Complete training loop with early stopping:

>>> import jax.numpy as jnp
>>>
>>> model = brainstate.nn.Linear(10, 5)
>>> scheduler = braintools.optim.ReduceLROnPlateau(
...     base_lr=0.01,
...     mode='min',
...     factor=0.5,
...     patience=10,
...     min_lr=1e-5
... )
>>> optimizer = braintools.optim.Adam(lr=scheduler)
>>> optimizer.register_trainable_weights(model.states(brainstate.ParamState))
>>>
>>> best_loss = float('inf')
>>> patience_counter = 0
>>> early_stop_patience = 20
>>>
>>> for epoch in range(200):
...     # Training
...     optimizer.step(grads)
...
...     # Validation
...     val_loss = validate(model, val_loader)
...
...     # Update learning rate
...     old_lr = optimizer.current_lr
...     scheduler.step(val_loss)
...     if optimizer.current_lr < old_lr:
...         print(f"Epoch {epoch}: Reduced LR to {optimizer.current_lr:.6f}")
...
...     # Early stopping
...     if val_loss < best_loss:
...         best_loss = val_loss
...         patience_counter = 0
...         # Save best model
...     else:
...         patience_counter += 1
...         if patience_counter >= early_stop_patience:
...             print(f"Early stopping at epoch {epoch}")
...             break

State persistence:

>>> scheduler = braintools.optim.ReduceLROnPlateau(
...     base_lr=0.1,
...     mode='min',
...     factor=0.5,
...     patience=5
... )
>>> optimizer = braintools.optim.SGD(lr=scheduler, momentum=0.9)
>>> optimizer.register_trainable_weights(model.states(brainstate.ParamState))
>>>
>>> # Train for some epochs
>>> for epoch in range(50):
...     val_loss = train_and_validate(model, optimizer)
...     scheduler.step(val_loss)
>>>
>>> # Save checkpoint
>>> checkpoint = {
...     'epoch': 50,
...     'model': model.state_dict(),
...     'optimizer': optimizer.state_dict(),
...     'scheduler': scheduler.state_dict(),
...     'best_metric': scheduler.best
... }
>>>
>>> # Resume training
>>> new_scheduler = braintools.optim.ReduceLROnPlateau(
...     base_lr=0.1,
...     mode='min',
...     factor=0.5,
...     patience=5
... )
>>> new_scheduler.load_state_dict(checkpoint['scheduler'])
>>> new_scheduler.best = checkpoint['best_metric']

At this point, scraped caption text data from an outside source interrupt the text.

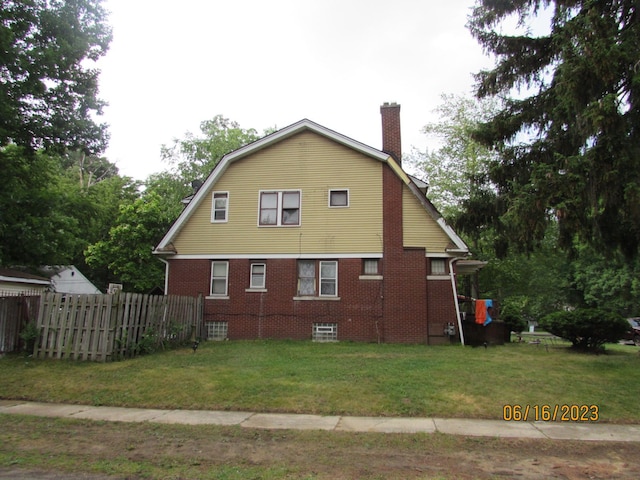 view of home's exterior featuring a lawn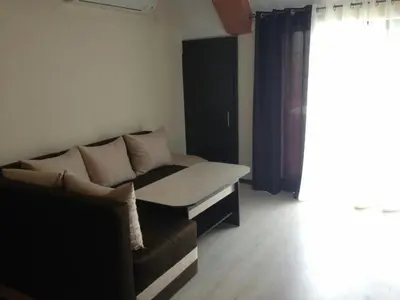 a living room with a couch and a window at Apartments Hristovi in Sandanski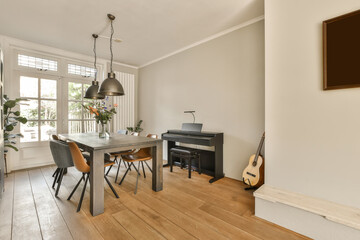 a dining room with wood flooring and white walls there is a piano on the table in front of the window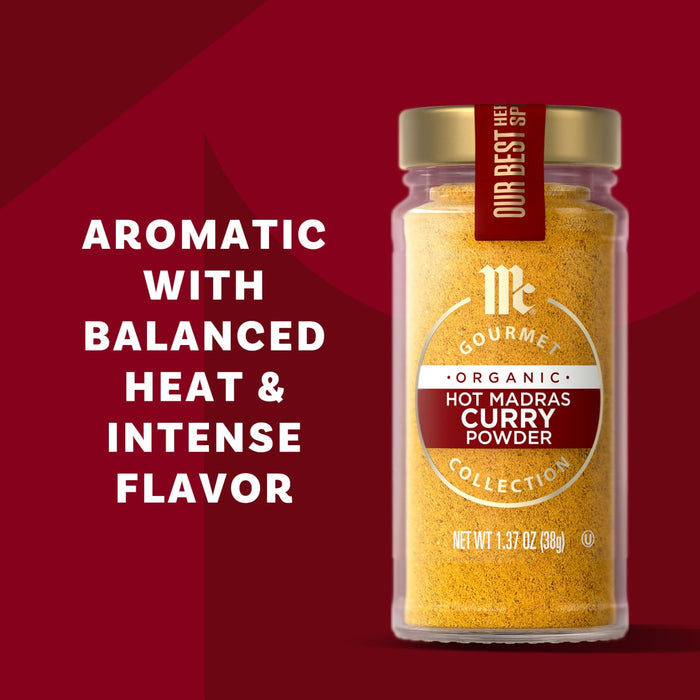 McCormick Gourmet Organic Hot Madras Curry Powder is shown in a jar, highlighting its aromatic, balanced heat, and intense flavor.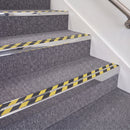 Mirrorflect Silver double insert chevron stair nosing, 70mm riser with Hazard black and yellow inserts, fitted on carpeted stairs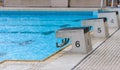 Diving block stands with numbers in outdoor swimming pool on rainy day Royalty Free Stock Photo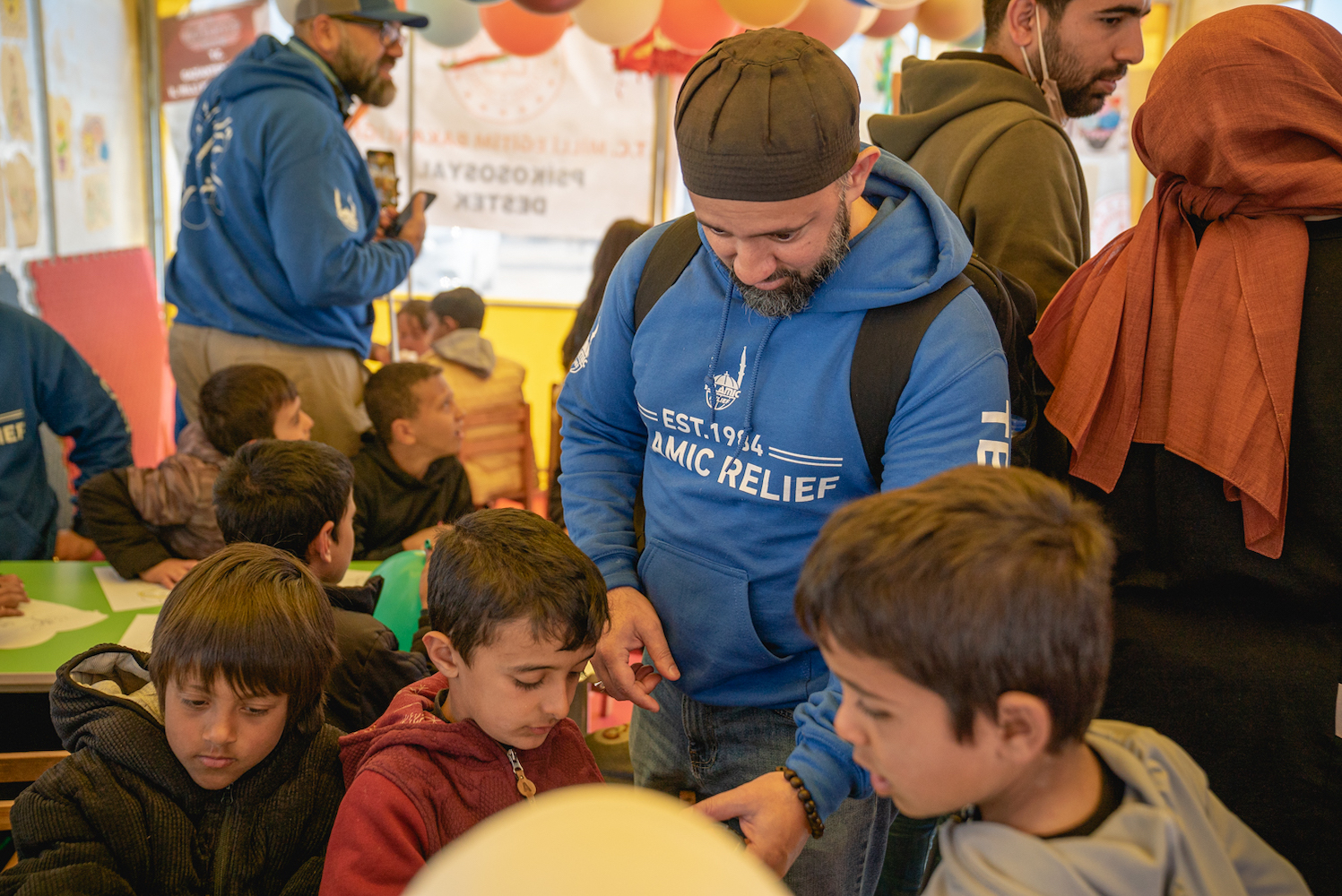 A person wearing a blue hoodie with white text “E.S.T. nineteen eighty-four” and “Islamic Relief” on the front stands among a group of children.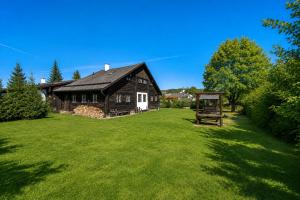 a large yard with a barn and a grass field at Penzion Sněžná Volary in Volary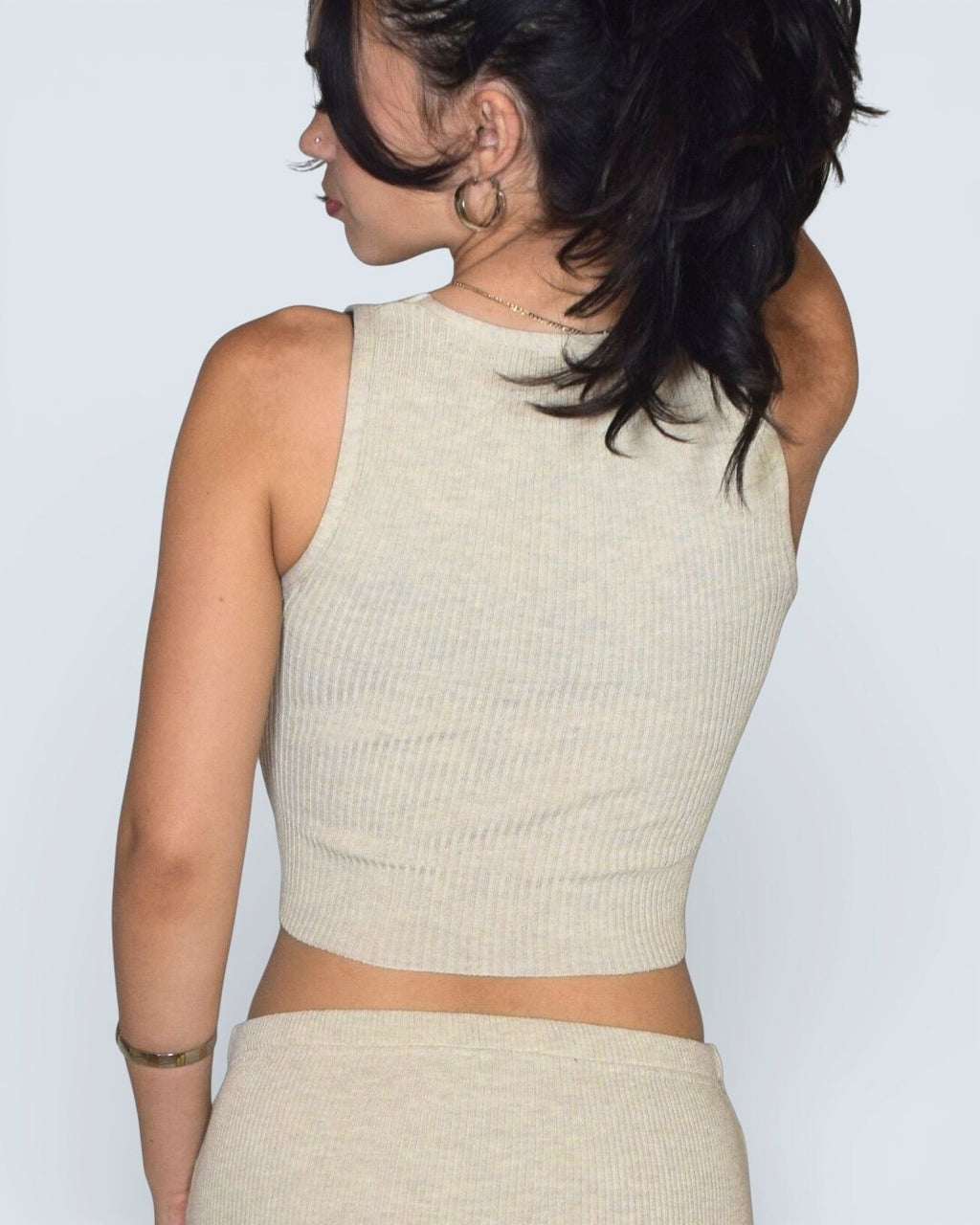 Woman wearing a beige tank top against a plain background
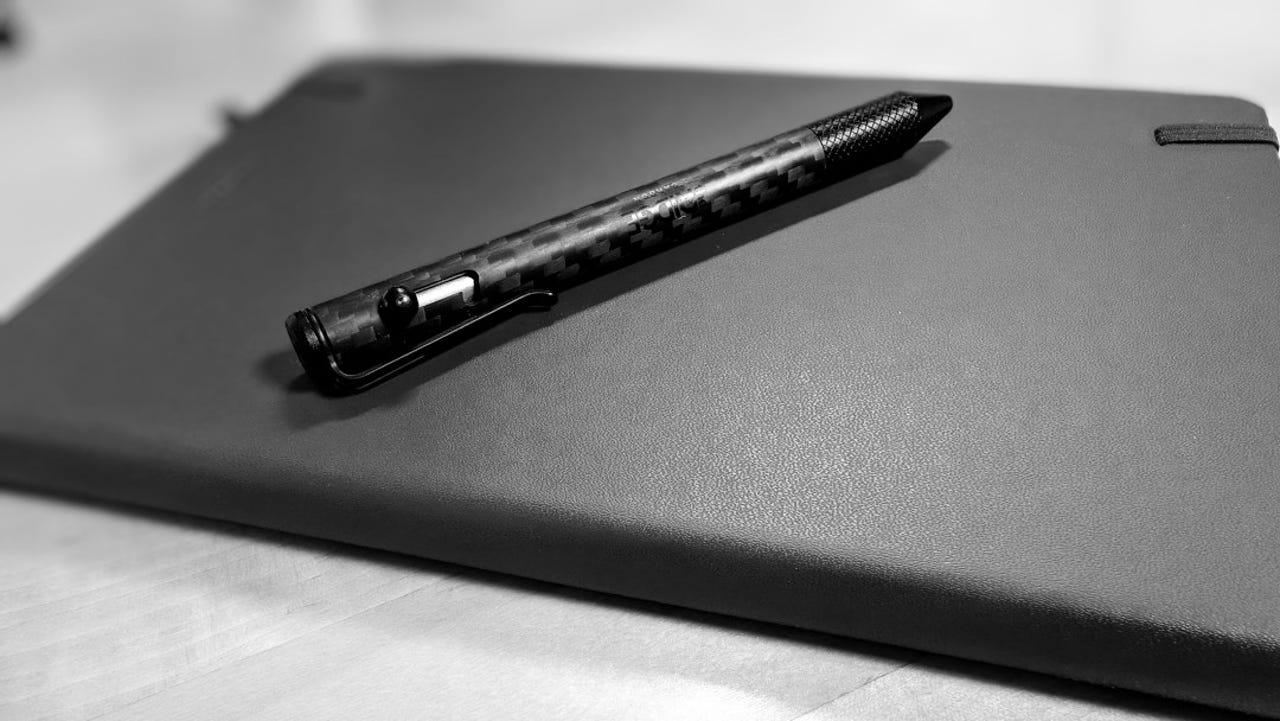 Black and white photo of diary and pen.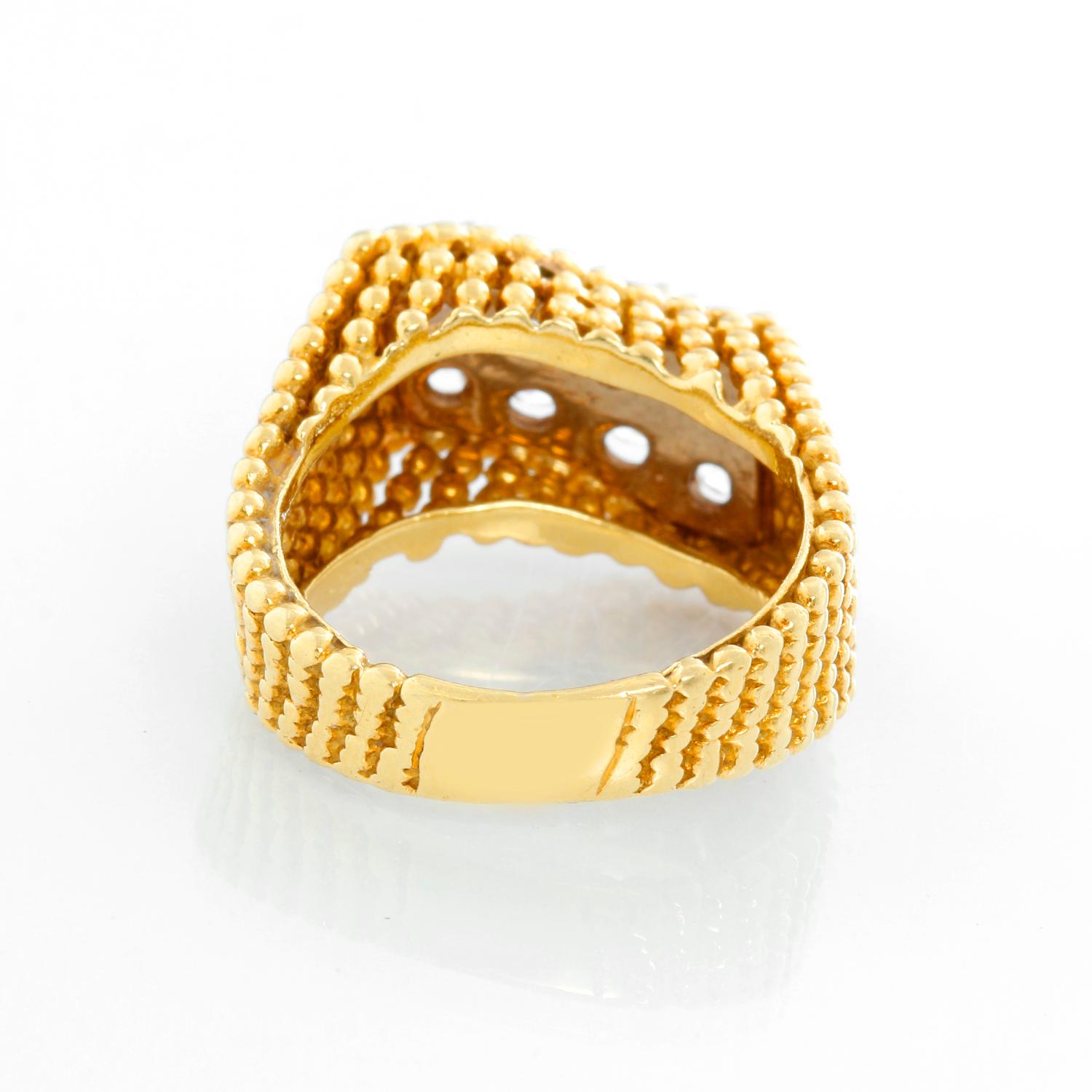 This is an 18k yellow gold ring with a beaded texture featuring 8 diamonds. The stones are VS clarity  and F color with a total of 1 carat.  It is a size 6.5 and weighs 8.3 grams. This ring features a fun wave design and is great for everyday.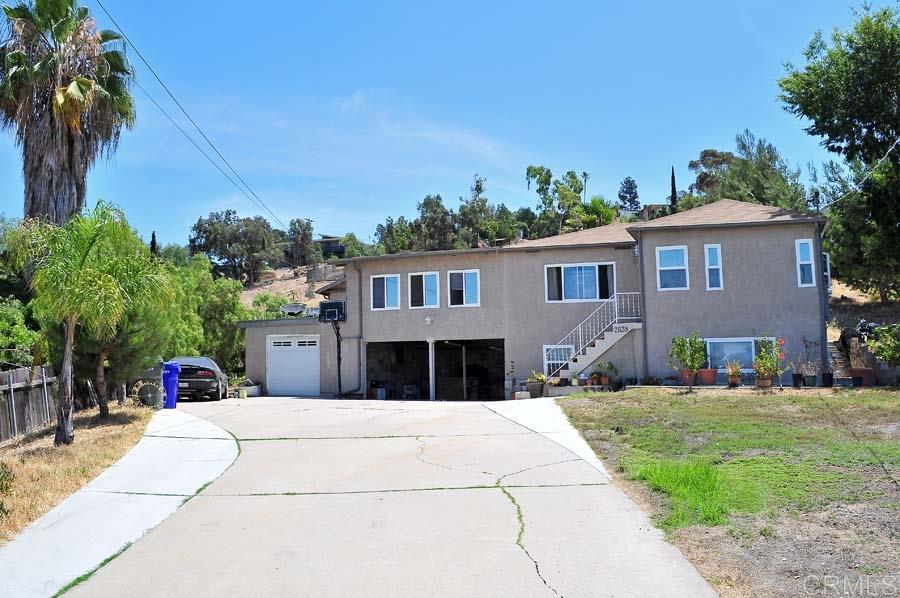 2839 Helix Street Spring Valley, CA 91977 - Photo 1 of 13 This is the main driveway -- leading to garage, carport, and basement.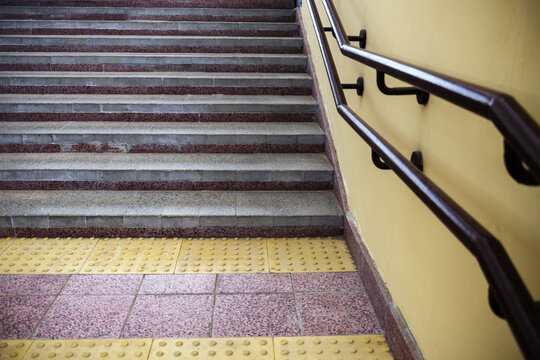 Close up of yellow tactile paving before concrete stairs with metal handrails creating barrier free environment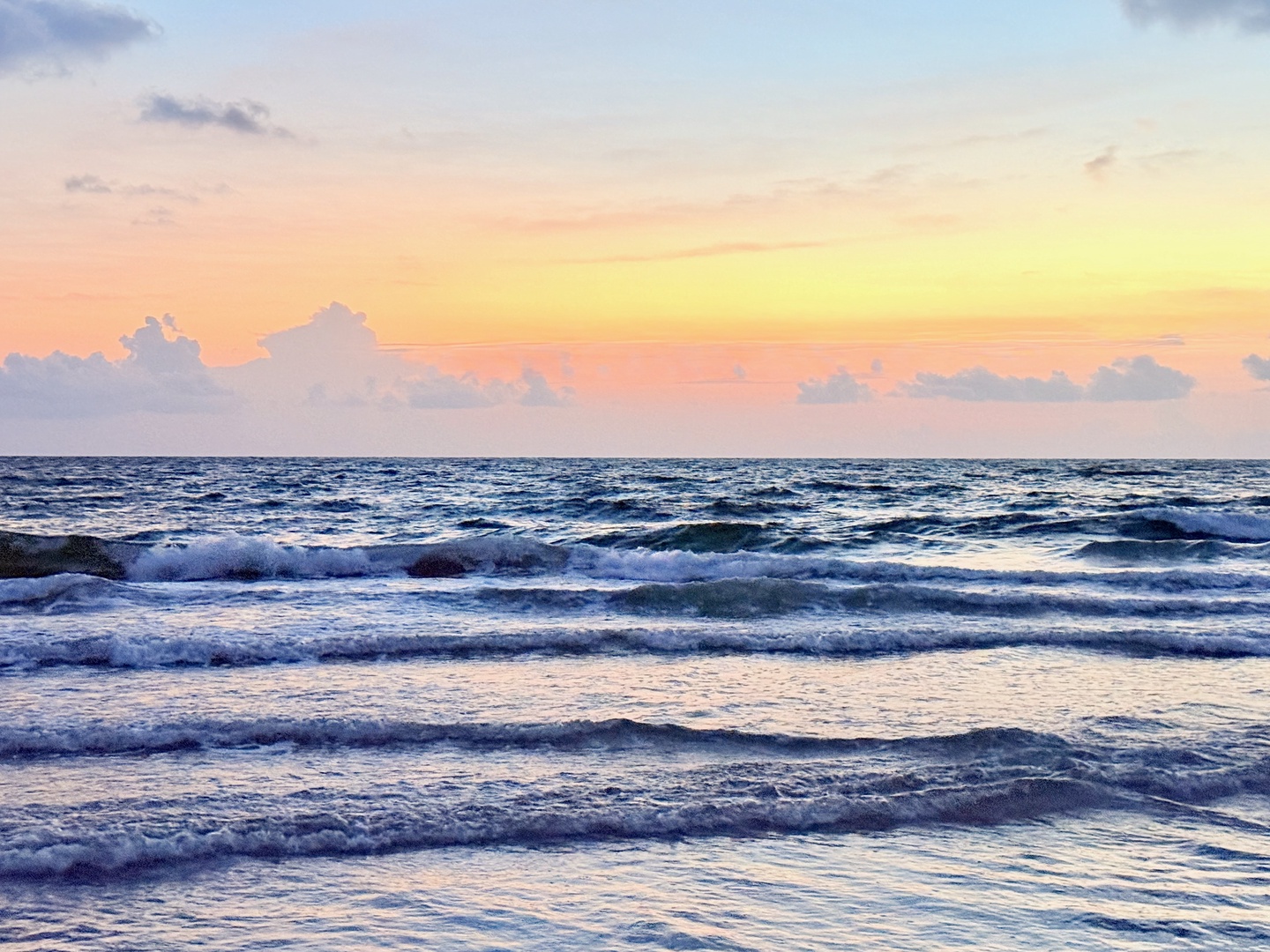 A stunning coastal sunrise paints the sky in soft pastels, with gentle waves rolling onto the shore—a serene setting for your morning retreat by the sea.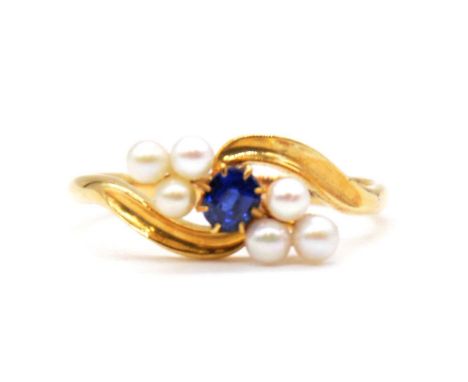 A sapphire and pearl ring, a central round faceted sapphire with three 3mm cultured pearls to each side in an all yellow meta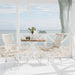 White rattan outdoor dining armchair beside a round teak café table with a white pedestal base.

Multiple metrics monitoring:

>>> # Monitor different metrics for different purposes
>>> val_scheduler = braintools.optim.ReduceLROnPlateau(
...     base_lr=0.01,
...     mode='min',
...     factor=0.5,
...     patience=5
... )
>>> optimizer = braintools.optim.Adam(lr=val_scheduler)
>>> optimizer.register_trainable_weights(model.states(brainstate.ParamState))
>>>
>>> for epoch in range(100):
...     optimizer.step(grads)
...     val_loss = validate(model, val_loader)
...
...     # Use validation loss for lr scheduling
...     val_scheduler.step(val_loss)
...
...     # Could also track other metrics separately
...     val_acc = evaluate_accuracy(model, val_loader)
...     print(f"Epoch {epoch}: lr={optimizer.current_lr:.6f}, "
...           f"val_loss={val_loss:.4f}, val_acc={val_acc:.4f}")

See also

StepLR

Fixed step-based learning rate decay

ExponentialLR

Exponential decay

CosineAnnealingLR

Cosine annealing schedule

OneCycleLR

One cycle learning rate policy

References

get_lr()[source]#

Calculate learning rate.

step(metric, epoch=None)[source]#

Step with metric value (JIT-compatible).

Parameters:
  • metric (float) – The metric value to monitor.

  • epoch (int | None) – Optional epoch number.